- _MATERIALS PROVIDED_:
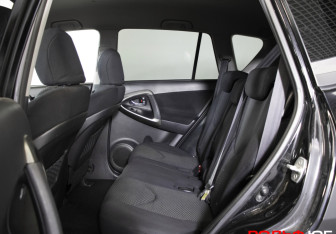 Подержанный автомобиль Toyota RAV4 2009 года (10 фото)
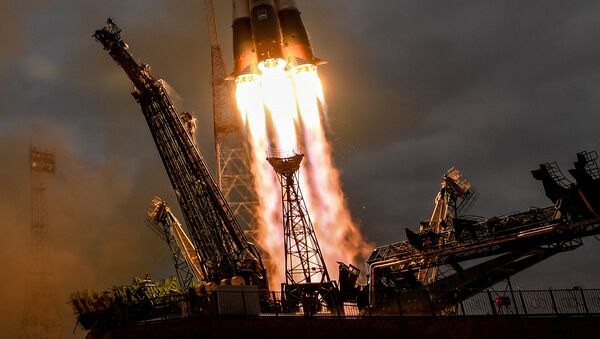 Пуск ракеты-носителя с космодрома Байконур. Архивное фото - Sputnik Кыргызстан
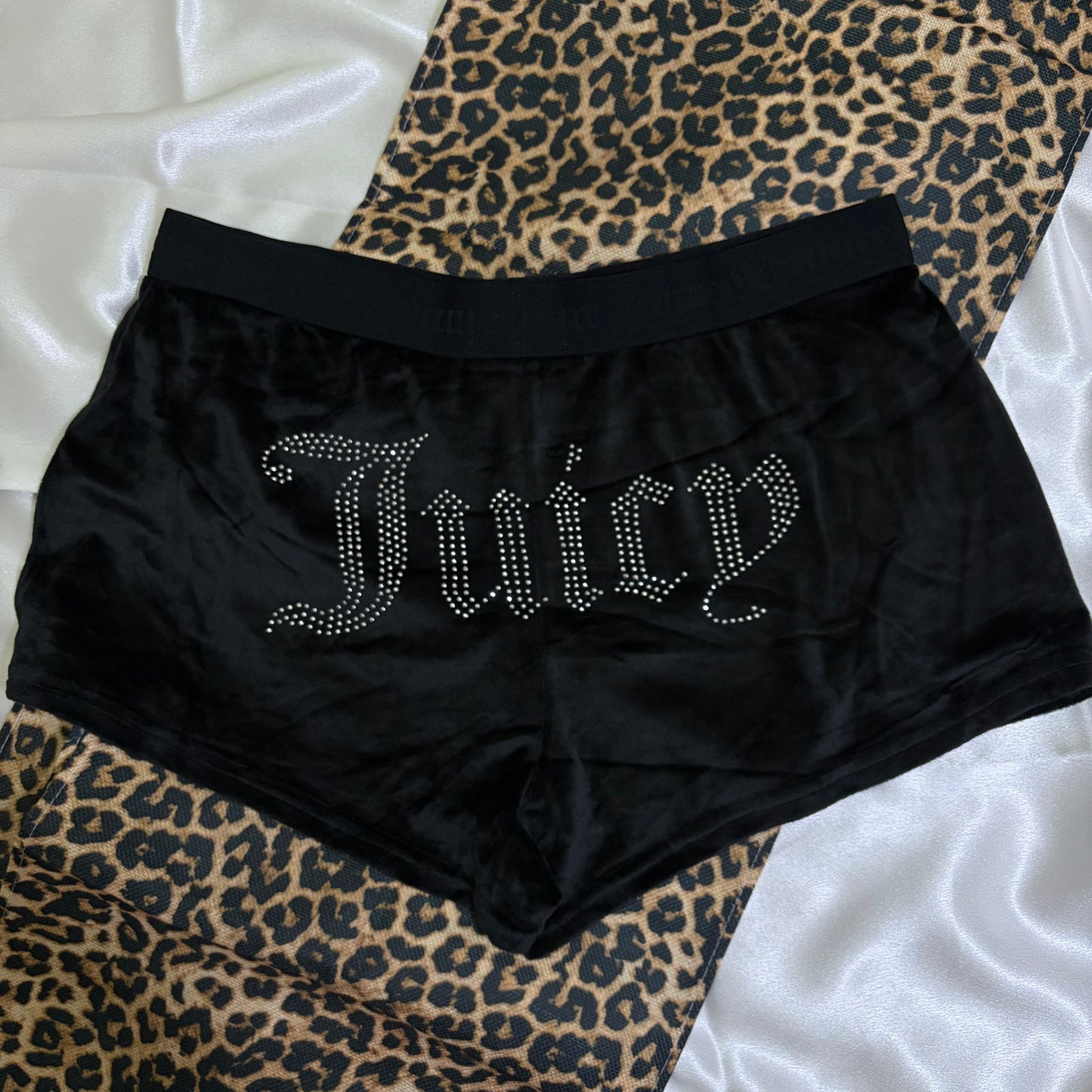 Juicy couture velvet short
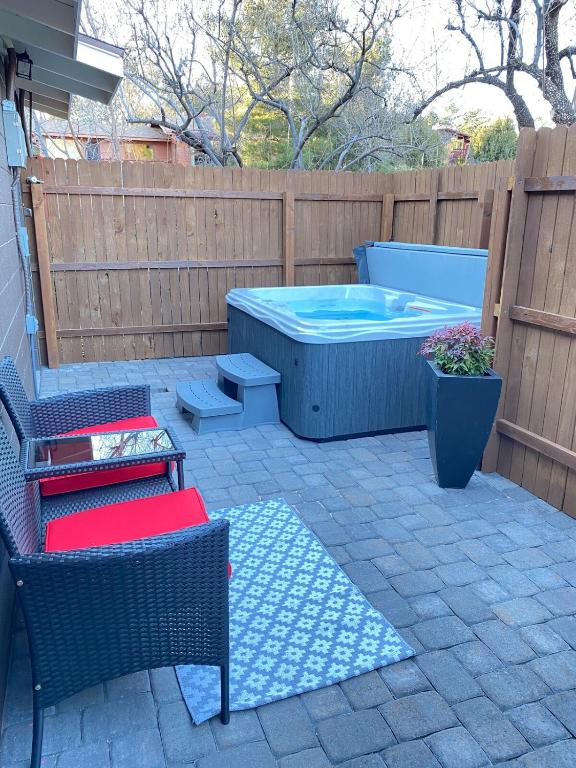 Hot Tub (Jacuzzi) - Photo 4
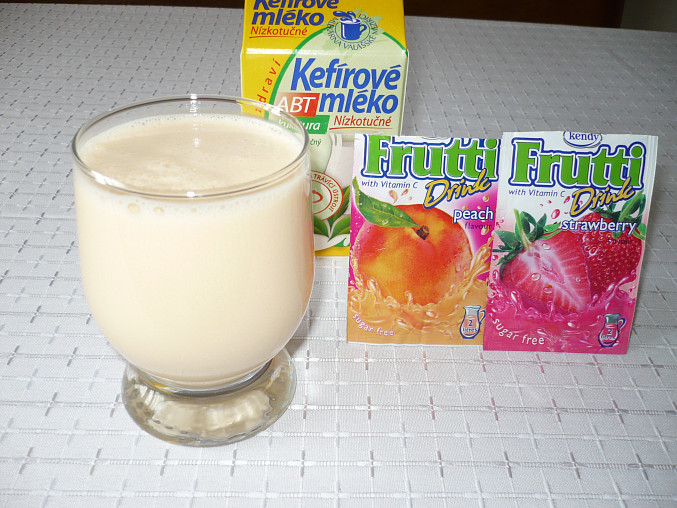 Kefírové mléko s ovocnou příchutí - dia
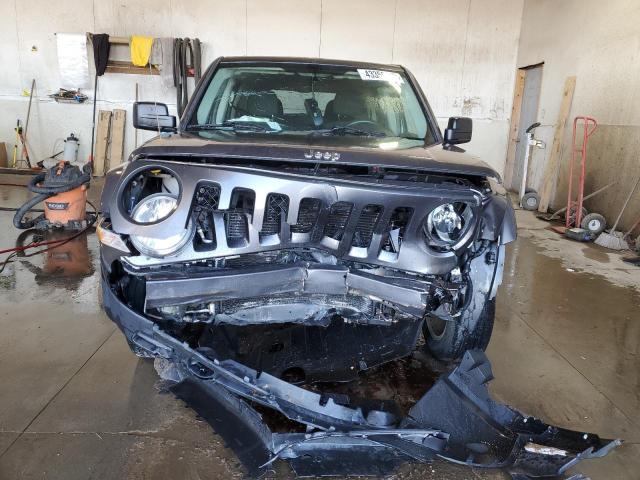 1C4NJRFB5FD347177 - 2015 JEEP PATRIOT LATITUDE CHARCOAL photo 5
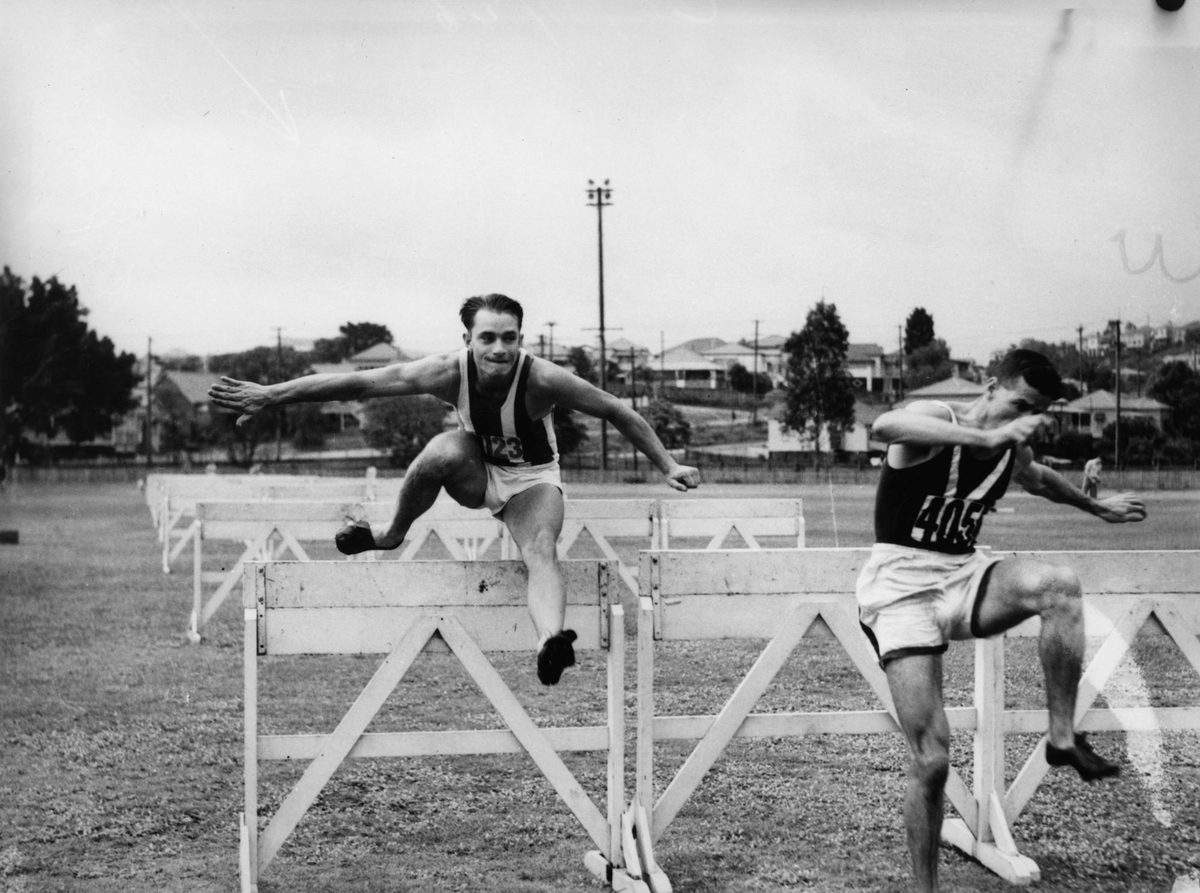Athletics competition in Brisbane, 1940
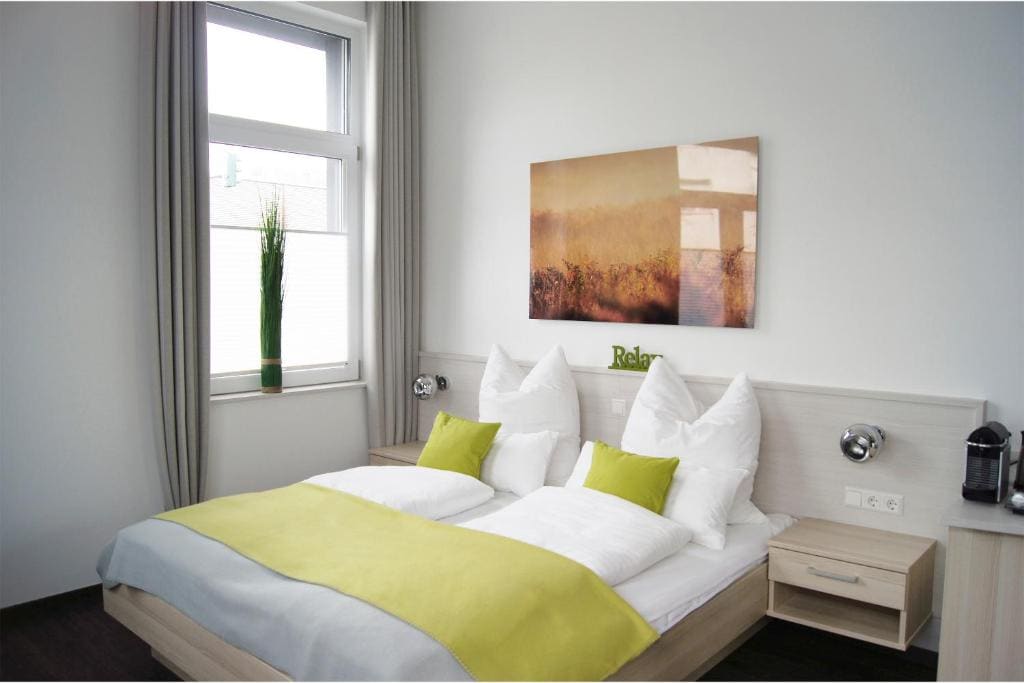 Standard Double Room room - Image 2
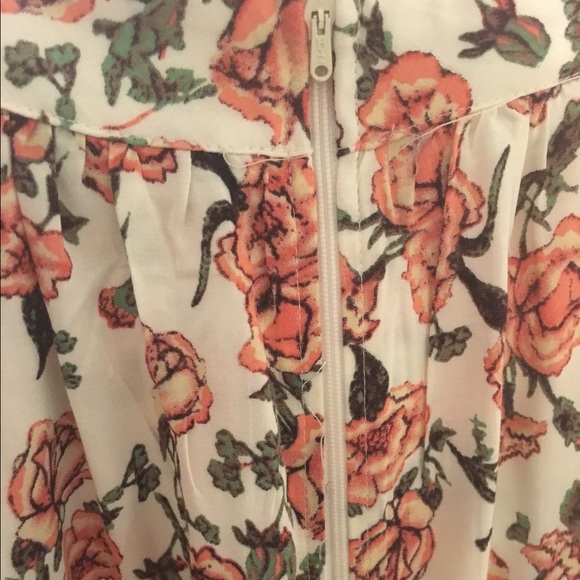 Soprano brand high waisted skirt from Nordstrom - Picture 2 of 3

- _INSTRUCTIONS FOR THE TASK_: Give the listing above again in its entirety and exactly; do not include the pictures.

- _SOLUTION FOR THIS TASK_:
 Подержанный автомобиль Toyota RAV4 2009 года (10 фото)
 Пуск ракеты-носителя с космодрома Байконур. Архивное фото - Sputnik Кыргызстан
 Juicy couture velvet short
 Hot Tub (Jacuzzi) - Photo 4
 Kefírové mléko s ovocnou příchutí - dia
 1C4NJRFB5FD347177 - 2015 JEEP PATRIOT LATITUDE CHARCOAL photo 5
Athletics competition in Brisbane, 1940
 Standard Double Room room - Image 2
 Soprano brand high waisted skirt from Nordstrom - Picture 2 of 3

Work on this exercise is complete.